The Killing is the fourth novel of the CHERUB series by Robert Muchamore. The book chronicles the adventures of the CHERUB agents investigating a small-time crook who suddenly makes it big. Muchamore named the book after the film The Killing. The novel was generally well received, but, unlike its predecessor, received no awards.

== Plot ==
James Adams is partnered with his sister Lauren, Bethany and Jake Parker and grey-shirt Dana Smith on a simulated warfare training exercise. The cherubs participating in the exercise are each given eggs labelled with their names, with the team with the fewest eggs remaining at the end of the exercise receiving a lengthy run as punishment. Despite James' lack of preparation for the exercise, his team manages to finish with more eggs than a rival team led by Kerry Chang. Regardless, Norman Large decides to fail James' team due to his grudge against Lauren.
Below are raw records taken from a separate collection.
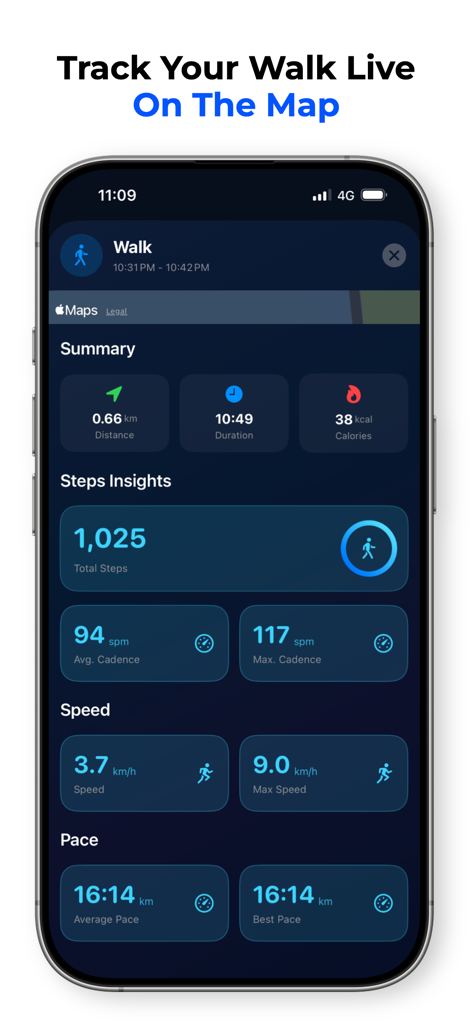MySteps app dashboard showing live walking activity summary with steps distance speed and map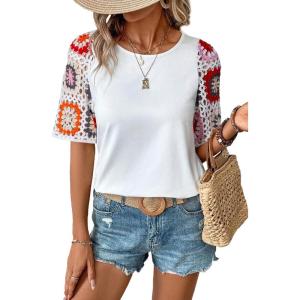 imageSHEWIN Womens Summer Tops Casual Short Sleeve T Shirts Crewneck Boho Crochet Floral Print Shirt BlousesWhite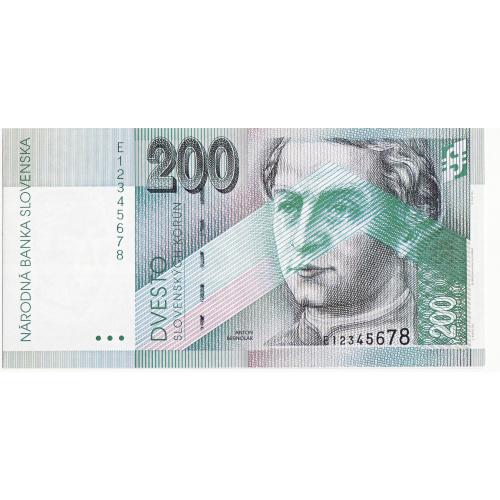 Официальный буклет образец с описанием защиты 200 крон 1995 Словакия большой формат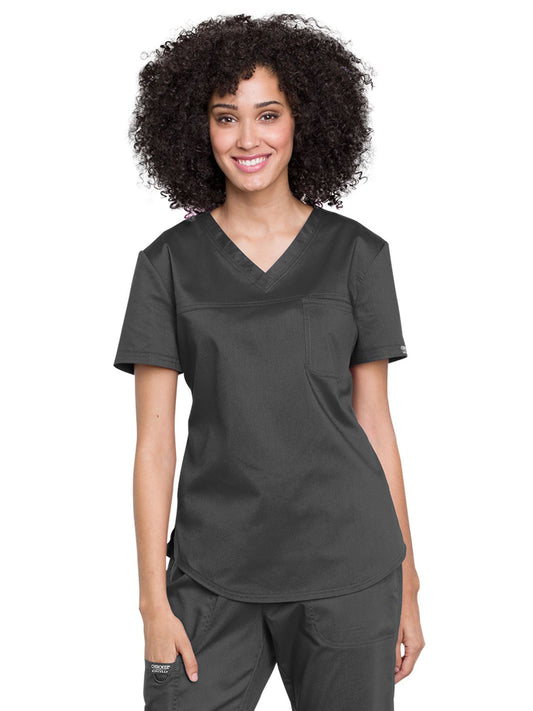 Women's 1-Pocket Tuckable V-Neck O.R. Top - WW657 - Pewter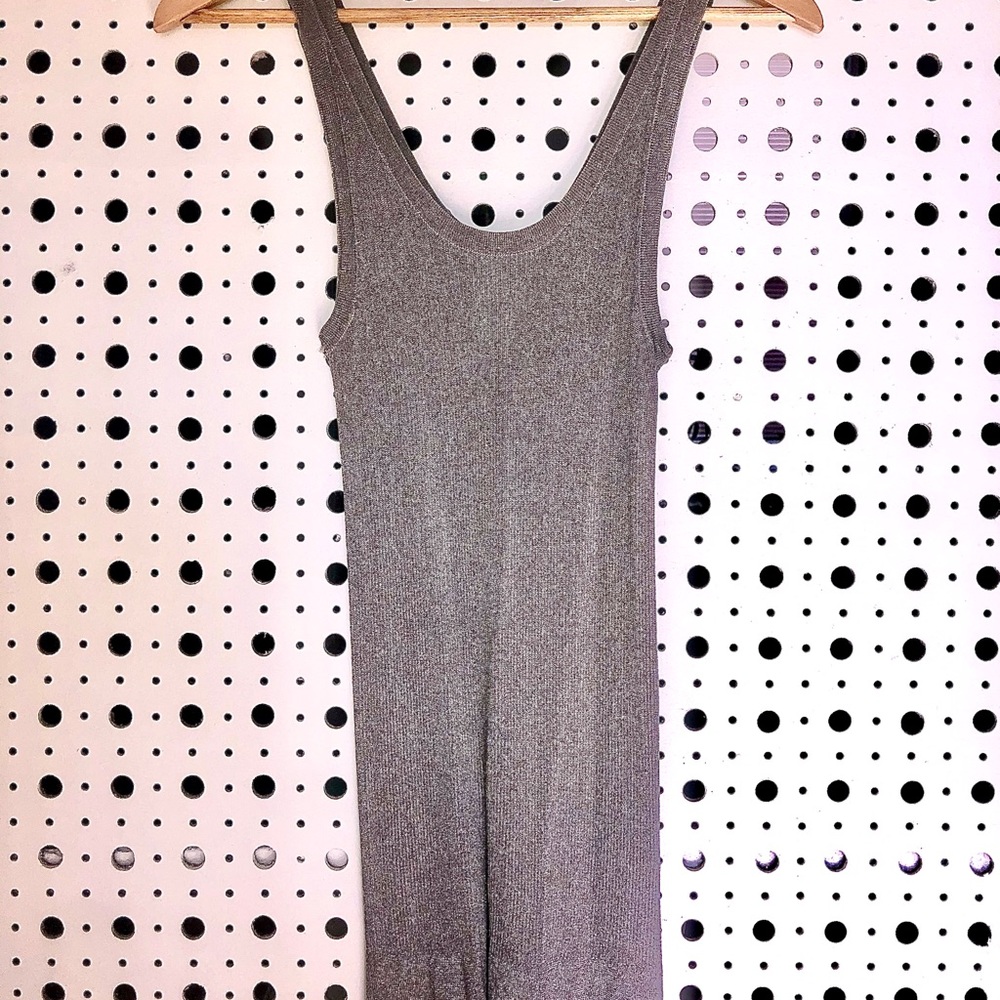 Vince Metallic Silver Ribbed Tank Top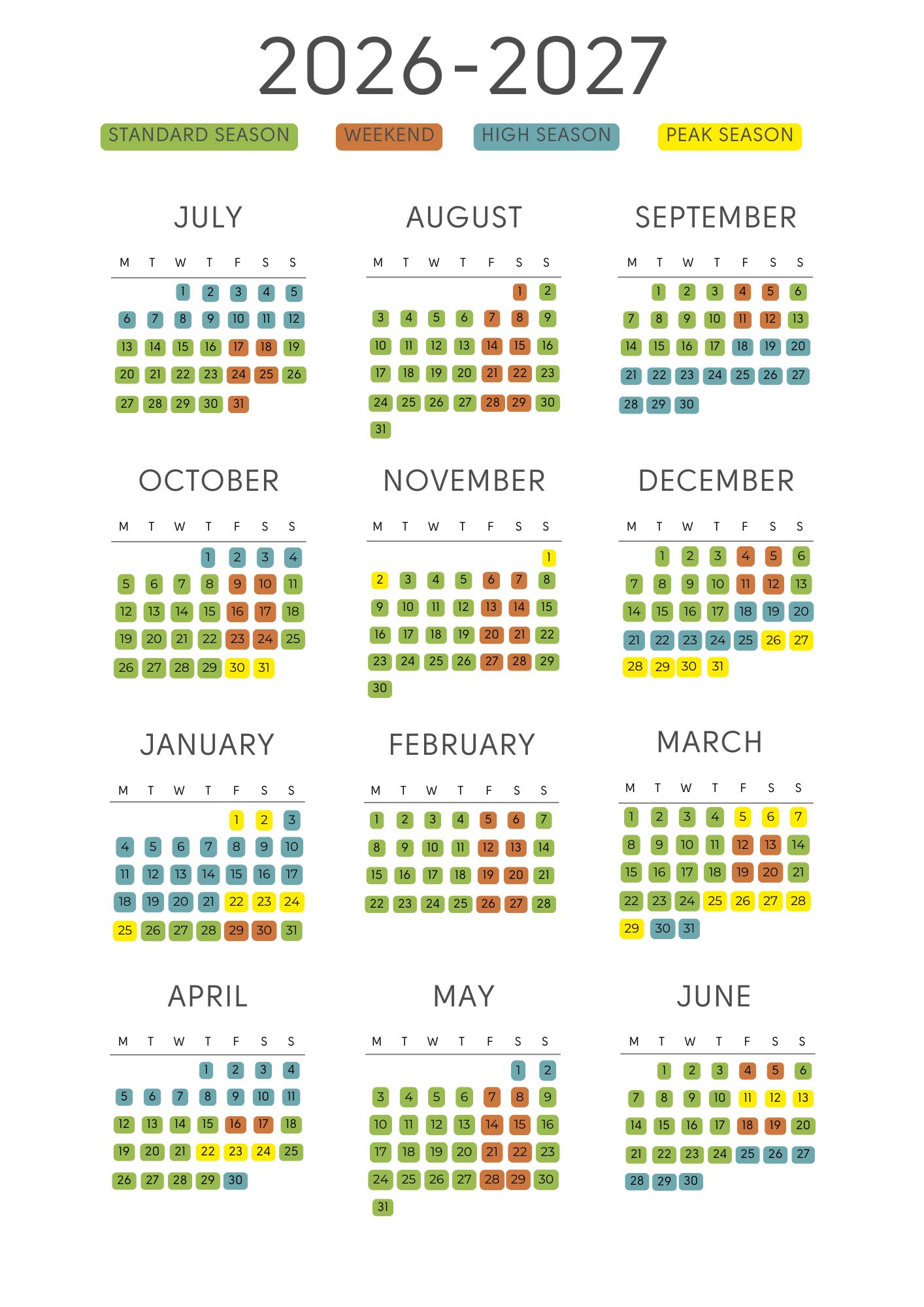 Rates Calendar 2627 Rates Calendar 2627
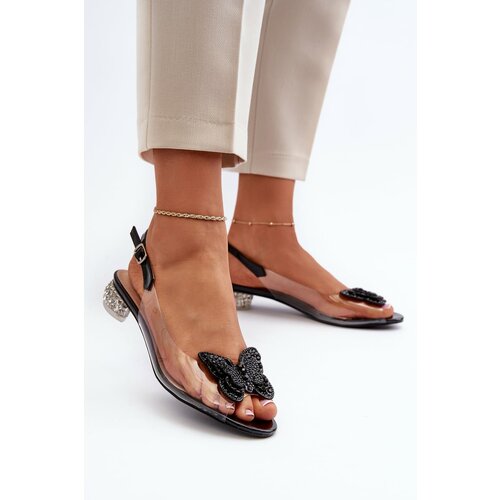 Kesi Transparent low-heeled sandals with butterfly black D&A Cene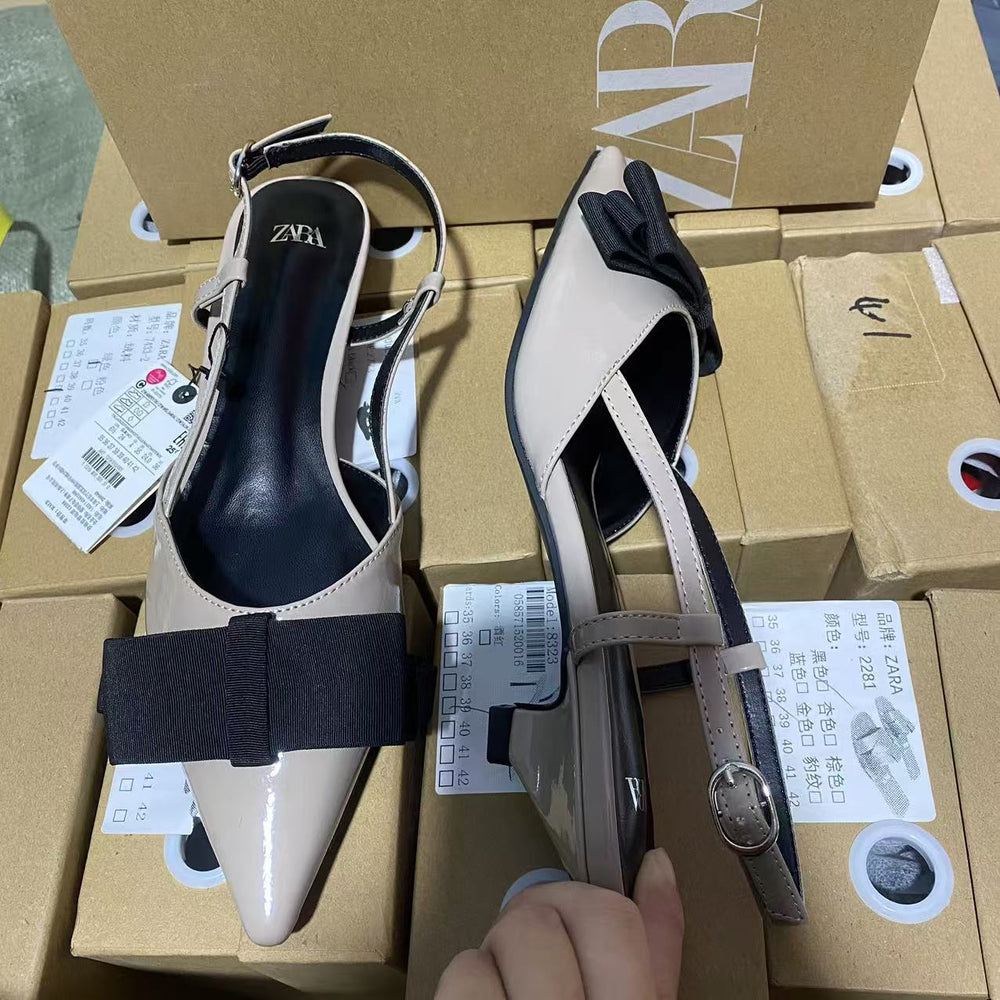 Za2024fall and winternew arrival color matching patent leather bows decorated mid-heeled shoes women's toe cap small fragrant style pointed toe flats sandals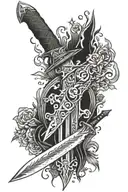 gothic bowie knife tattoo design idea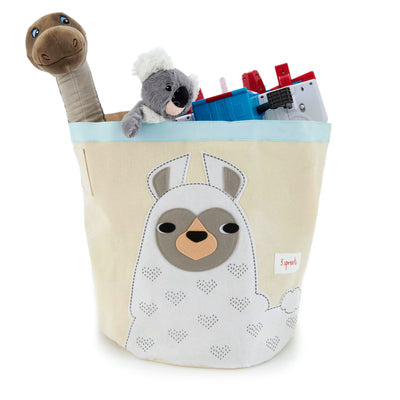 3 Sprouts Canvas Storage Bin Laundry/Toy Basket for Baby & Kids, Llama (2 Pack)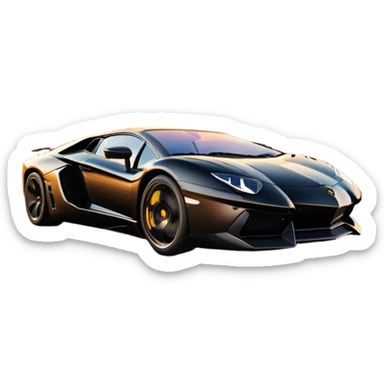 Lamborghini Aventador driving down the street, headlights blazing. The sky glows in warm sunset hues, reflecting off the sleek car. Motion blur emphasizes speed, with palm trees and city lights in the background. Transparent background. sticker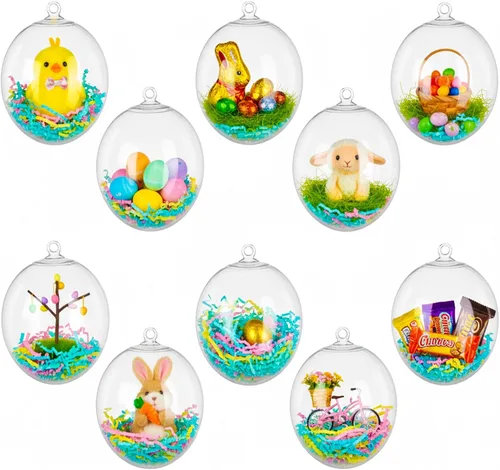 Miniatura 9 de Barelove Esferas transparentes rellenables para Pascua, 10 bolas transparentes para manualidades, esferas decorativas colgantes de plástico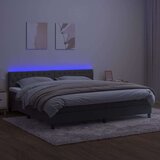  Box spring s madracem LED tamnosivi 200x200 cm baršun | shoptok.hr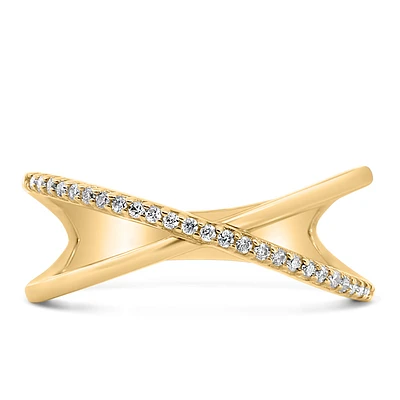 Crossover Ring with .10 Carat TW of Diamonds 10kt Yellow Gold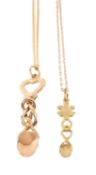 9CT GOLD LOVESPOON PENDANT on 9ct gold chain, with similar yellow metal lovespoon pendant on 9ct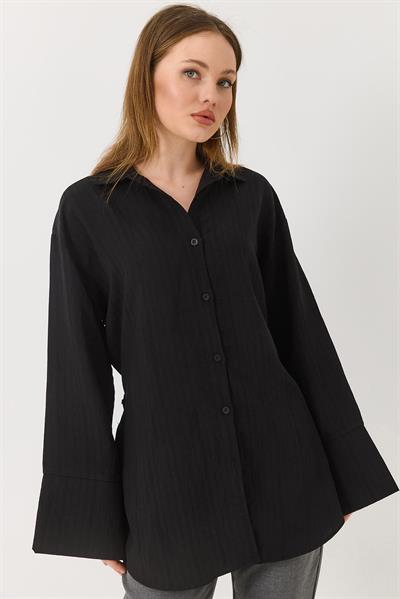 Kadın Siyah Oversize İnce Kemerli İspanyol Kol Yumuşak Keten Gömlek
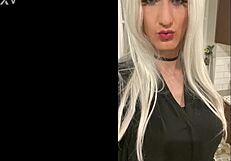 Platinum blonde crossdresser returns home after her date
James, Lauren and Dana protest and Large is ultimately demoted as head training instructor, while Kerry's team is punished instead. When James goes to visit her later, Kerry becomes tired of James' attitude and dumps him. As James leaves Kerry's room, he beats up red-shirt Andy Lagan for laughing at him. For this, James is suspended from missions, and is also ostracized by his friends. Zara Asker takes pity on James and arranges for him to work with Dave Moss on a low-risk mission in the London suburb of Palm Hill. The target is Leon Tarasov, a Russian-born small-time criminal who has mysteriously come into a large sum of money. The two acquaint themselves with Tarasov, who gives Dave a job at his car dealership. James begins dating a girl named Hannah Clarke. During his first night in Palm Hill, James gets into an altercation and is subsequently arrested by police officer Michael Patel, who assaults James as he places him into the police car. Hannah tells James how her cousin, Will, fell from their apartment building a year earlier, and gives him Will's old computer.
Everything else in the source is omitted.